Mitchell High School (abbreviated as MHS), established in 1964, is a coeducational government high school located in the suburb of Blacktown, in western Sydney. Mitchell has a proud Rugby Union tradition.

The school provides public education to students from years 7 to 12. It prepares students for the Higher School Certificate (HSC) in Year 12 and the Record of School Achievement (RoSA) for those students who wish to leave school before obtaining the HSC. The school celebrated its 50th anniversary in April 2014.

== History ==

=== Proposal ===
On 3 June 1962, a new school was proposed in the Blacktown South region due to the rising population demands in Western Sydney.
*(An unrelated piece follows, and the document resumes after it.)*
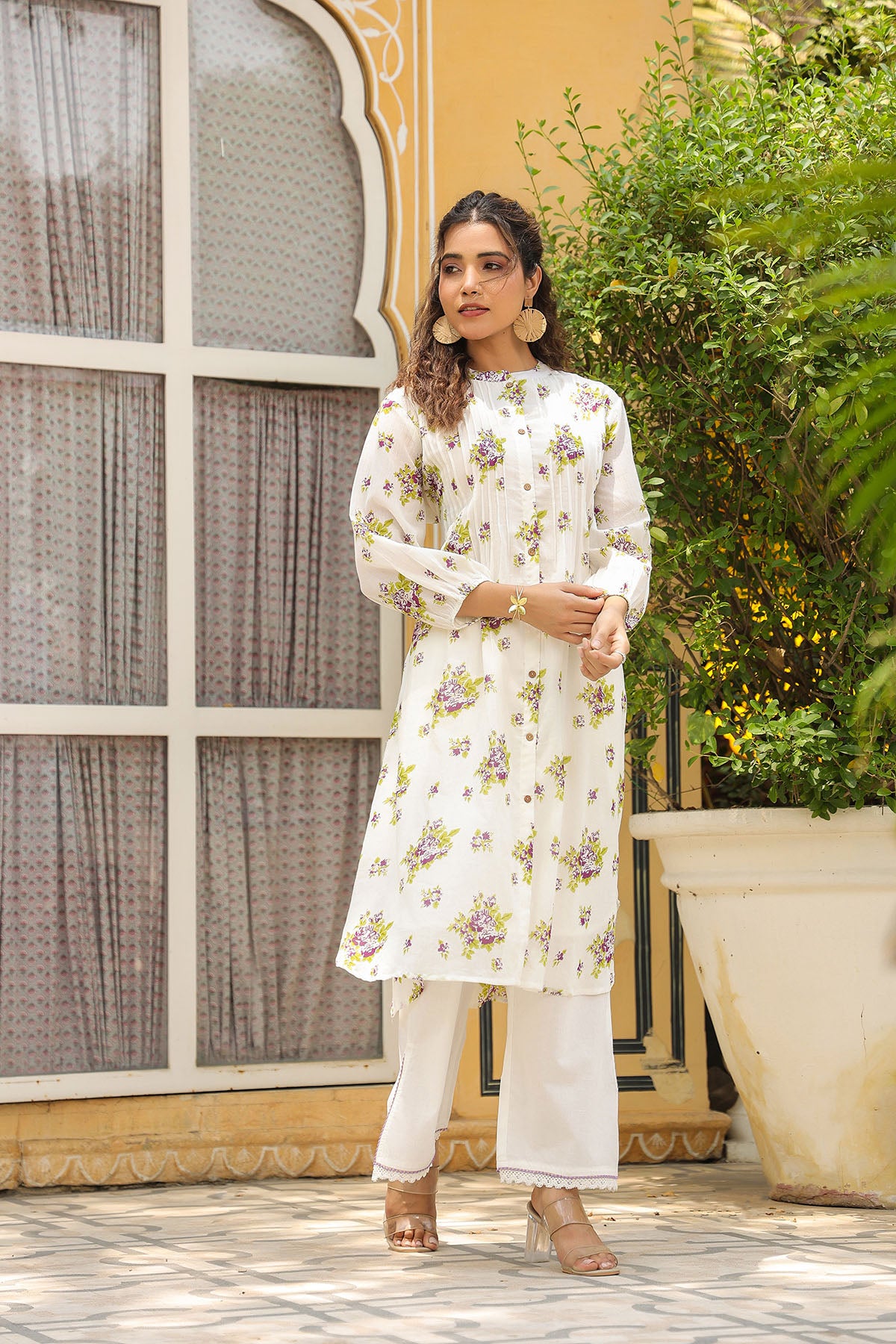 Purple Cotton Printed Co-Ord Set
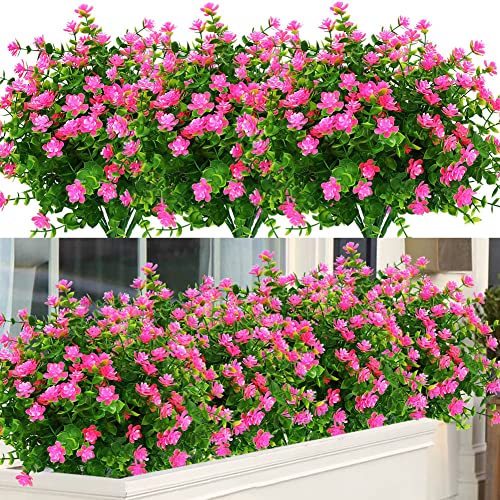ArtBloom 6 Bundles Outdoor Artificial Flowers UV Resistant Fake Boxwood Plants, Faux Greenery for Indoor Outside Hanging Plants Garden Porch Window Box Home Wedding Farmhouse D??cor (Pink)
At the time of the proposal, only three government schools existed in the area – Blacktown Boys High School, Blacktown Girls High School and Seven Hills High School.

=== Construction ===

==== Planning ====
The school's development was divided into two sections, referred to as stage 1 and stage 2 which both included construction of the main classroom blocks: A, B, C, and D. The final sections in developing the school not included in the initial two stages were building block E, the school hall, and the current dedicated school administration office.

==== Building ====

The landscape, which the school was provided, totalled 6.3 hectares in area, which equated to a final cost of approximately £332,850 ($665,700), which also included the development of stage 1 and stage 2. The two initial stages were completed on 10 June 1964 and the students and staff expected to attend Mitchell High School were moved out of the temporary classes at a school on Hereward Highway and at Blacktown Boys High School and Blacktown Girls High School respectively that they had started the year in. Mr Frank Doyle became the first principal of the school.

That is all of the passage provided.